» EXERCISE
Scan the records for lines with the word "Game", and copy every such line.

┌─ DATASET EXCERPTS

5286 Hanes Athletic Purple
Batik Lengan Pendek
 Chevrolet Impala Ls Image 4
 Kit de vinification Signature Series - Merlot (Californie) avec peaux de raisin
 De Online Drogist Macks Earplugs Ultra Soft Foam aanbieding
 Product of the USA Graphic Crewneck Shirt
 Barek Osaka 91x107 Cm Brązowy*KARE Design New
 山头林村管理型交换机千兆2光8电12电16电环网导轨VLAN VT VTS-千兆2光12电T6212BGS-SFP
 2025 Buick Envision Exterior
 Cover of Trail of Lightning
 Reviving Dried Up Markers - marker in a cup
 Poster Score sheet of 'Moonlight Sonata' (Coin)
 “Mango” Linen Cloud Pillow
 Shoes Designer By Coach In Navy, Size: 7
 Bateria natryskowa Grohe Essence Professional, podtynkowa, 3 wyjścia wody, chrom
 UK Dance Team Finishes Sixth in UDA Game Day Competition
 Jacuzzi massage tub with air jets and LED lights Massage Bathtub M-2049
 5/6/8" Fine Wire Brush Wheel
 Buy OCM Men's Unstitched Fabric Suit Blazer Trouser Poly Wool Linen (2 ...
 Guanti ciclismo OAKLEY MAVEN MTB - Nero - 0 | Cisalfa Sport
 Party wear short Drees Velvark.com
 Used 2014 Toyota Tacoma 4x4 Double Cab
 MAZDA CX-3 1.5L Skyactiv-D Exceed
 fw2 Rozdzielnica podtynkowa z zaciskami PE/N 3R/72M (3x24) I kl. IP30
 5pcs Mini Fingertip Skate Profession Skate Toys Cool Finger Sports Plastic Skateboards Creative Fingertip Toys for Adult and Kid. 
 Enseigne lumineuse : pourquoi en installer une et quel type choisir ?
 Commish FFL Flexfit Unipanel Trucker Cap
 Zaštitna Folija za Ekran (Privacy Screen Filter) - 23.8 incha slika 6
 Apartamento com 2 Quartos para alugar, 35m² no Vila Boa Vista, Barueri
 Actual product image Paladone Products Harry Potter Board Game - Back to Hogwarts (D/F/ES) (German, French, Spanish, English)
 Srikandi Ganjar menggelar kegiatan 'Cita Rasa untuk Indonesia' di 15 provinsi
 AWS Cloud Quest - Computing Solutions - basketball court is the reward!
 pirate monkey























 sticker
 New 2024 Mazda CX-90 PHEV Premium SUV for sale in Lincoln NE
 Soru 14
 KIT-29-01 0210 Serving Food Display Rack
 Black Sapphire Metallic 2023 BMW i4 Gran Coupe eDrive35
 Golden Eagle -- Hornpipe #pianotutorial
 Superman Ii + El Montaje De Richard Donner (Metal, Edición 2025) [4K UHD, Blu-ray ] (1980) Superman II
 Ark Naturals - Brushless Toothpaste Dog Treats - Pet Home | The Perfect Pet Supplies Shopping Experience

└─

» YOUR SOLUTION
 UK Dance Team Finishes Sixth in UDA Game Day Competition
 Actual product image Paladone Products Harry Potter Board Game - Back to Hogwarts (D/F/ES) (German, French, Spanish, English)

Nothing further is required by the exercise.